What to work on:
Output the data unchanged and complete, minus the images.

Recorded data:
▬▬▬▬▬▬

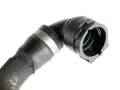 Water Pipe Hose BMW 3 G20 G21 320e 330e 2.0 Hybrid 17128654864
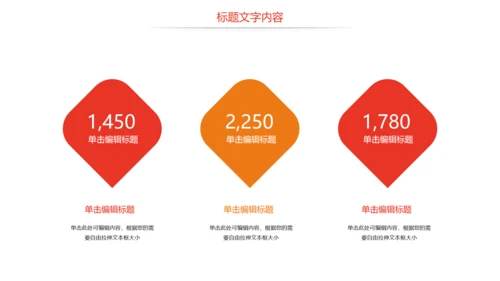 总工会民主管理维权送温暖总结汇报PPT模板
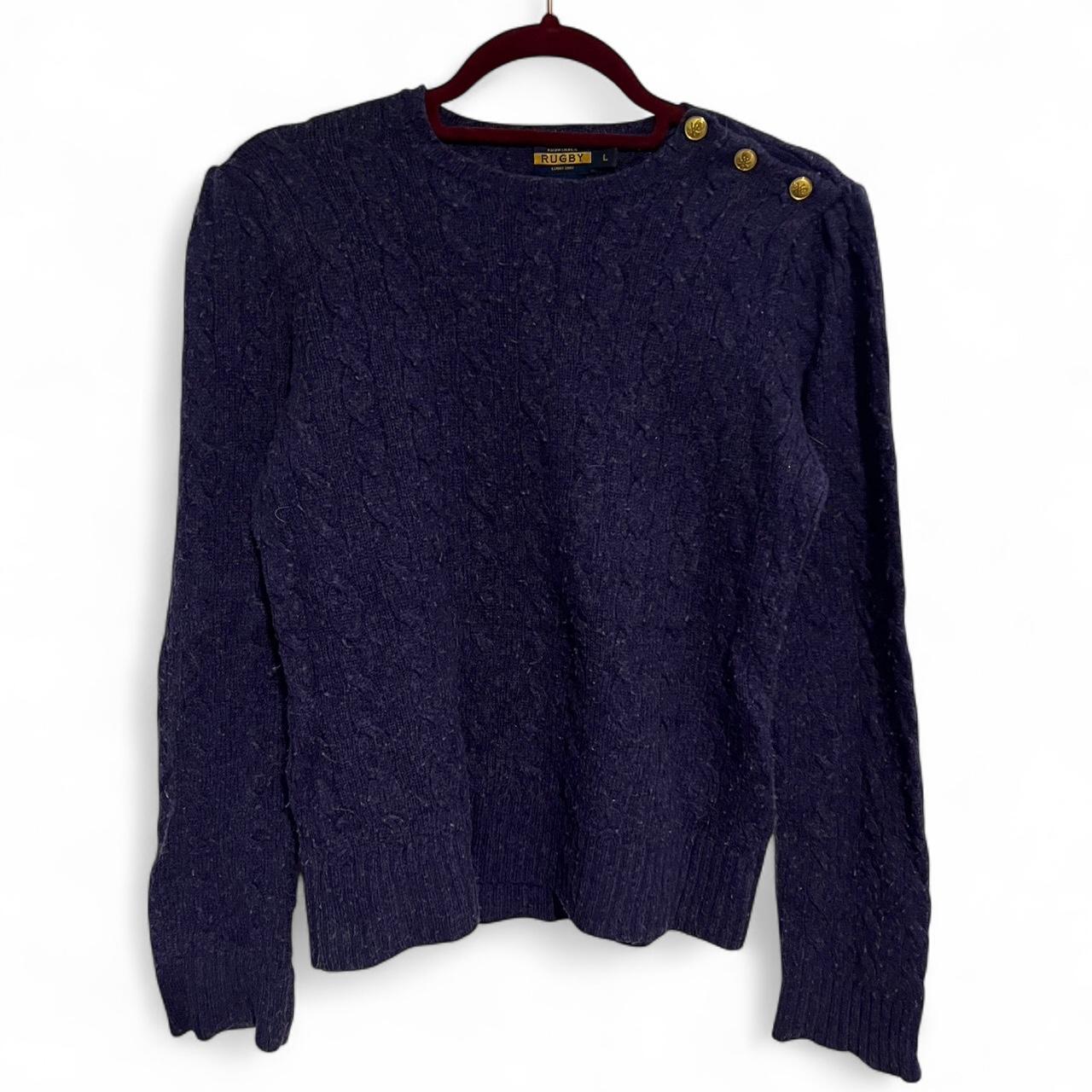 item listed by koigotstuff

▬▬▬▬▬▬

Answer area:
 Water Pipe Hose BMW 3 G20 G21 320e 330e 2.0 Hybrid 17128654864
 总工会民主管理维权送温暖总结汇报PPT模板
 item listed by koigotstuff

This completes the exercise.